A passenger on this flight and our humbled protagonist, is George Clooney, I mean, Ryan Bingham. I get them confused because they both seem to be aging players who have refused their entire lives to ever being weighed down by anything or anyone. Clooney of course is one of the most famous bachelors on the planet. Ryan may not be famous but he is famous to those who do know him for keeping himself up in the air, if you will, as often as he can. Ryan travels across the United States and fires people for a living. He shows up at an office and calls people he has never met in one by one to tell them that their position no longer exists because these companies don’t have the decency to do it themselves. When he isn’t telling people that they no longer have the means to support their families, he moonlights as a motivational speaker who insists that families are life’s biggest trap.


Ryan is still a likeable guy despite all these things. He doesn’t get off on firing people; it is just how he makes his living and it affords him the lifestyle that suits him best. Another reason he endears is because Clooney plays him so smoothly. You could say it isn’t much of a stretch for him but playing Ryan and going through everything he does means seeing a Clooney that is finally accepting his own mortality and questioning what kind of meaning his later years will hold for him. When his boss (Jason Bateman) informs him that his job may become locally executed, Ryan realizes that his grounding means that life will finally stop moving at 500 miles an hour. Meanwhile, the girl he is showing the professional ropes to (Anna Kendrick) reminds him of what it means to be young and how to believe in the possibilities people offer and the woman he is romantically roped up with (Vera Farmiga) suddenly seems like that possibility.

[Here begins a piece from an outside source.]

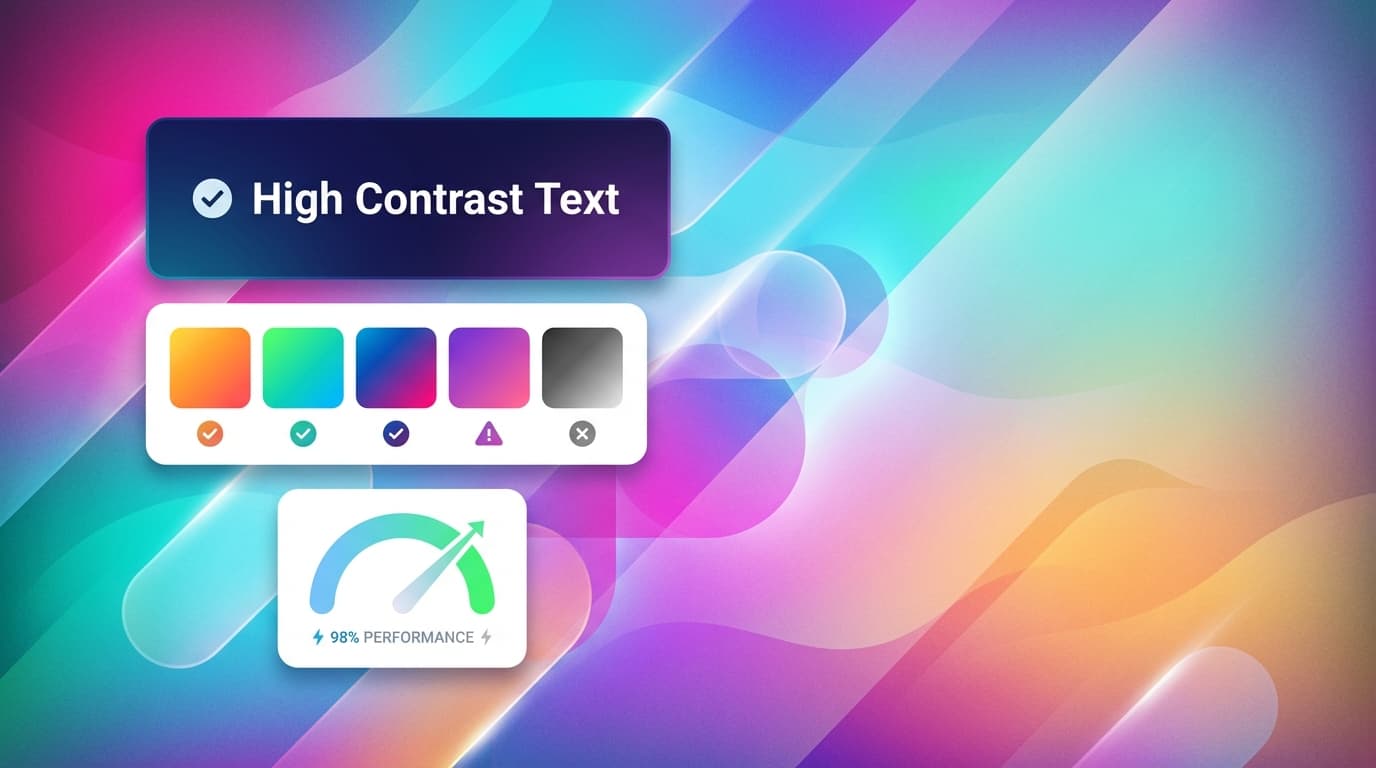 Colorful Gradient Backgrounds: Accessible, Performant, Practical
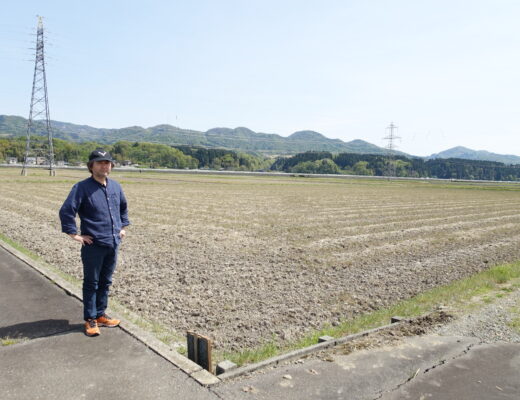 長岡市協力農家さんの田んぼへ視察に行きました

UP IN THE AIR may touch on some fairly contrived topics and set itself in an all too timely milieu but with Reitman in the captain’s chair, the flight is completely turbulence free. Reitman has crafted a poignant reflection on where America is right now, in terms of the economy and their value system, that is always insightful and never judgmental. He pulls performances from his cast that are so fine in their restraint and their candidness. He puts it all together with style and finesse and, by taking to the lofty skies, he cements himself as a great modern storyteller. Perhaps most importantly, in what is so often called the darkest period America has had to face in years, Reitman somehow pays homage to how trying it all is while reminding us that it is also perfectly acceptable to laugh.

Sunday, September 20, 2009

Black Sheep Previews: UP IN THE AIR


You might have seen this already but I wanted to throw it up here as I had the chance to catch the whole thing at TIFF last week. Director, Jason Reitman, has only made three feature films to date - JUNO and THANK YOU FOR SMOKING before this - and his latest, UP IN THE AIR, proves that he is a director with a clear vision and a concise approach to storytelling. His pictures are always crisp and clean and, while that may turn off some looking for rougher edges, I find it only allows for the details and the subtleties to break through.

UP IN THE AIR stars George Clooney as a modern day nomad. He has a one-bedroom apartment in Omaha but he ordinarily spends less than 50 days a year there. His home lies somewhere between the airports he flies to and the hotels he stays in. Clooney brings his own life into the picture for this eternal bachelor character and the supporting cast - Vera Farmiga, Anna Kendrick and Jason Bateman - are all excellent characters unto themselves, hence redefining the term "supporting".

UP IN THE AIR will certainly generate a lot of buzz this coming awards season and rightfully so. Look for it in theatres this December.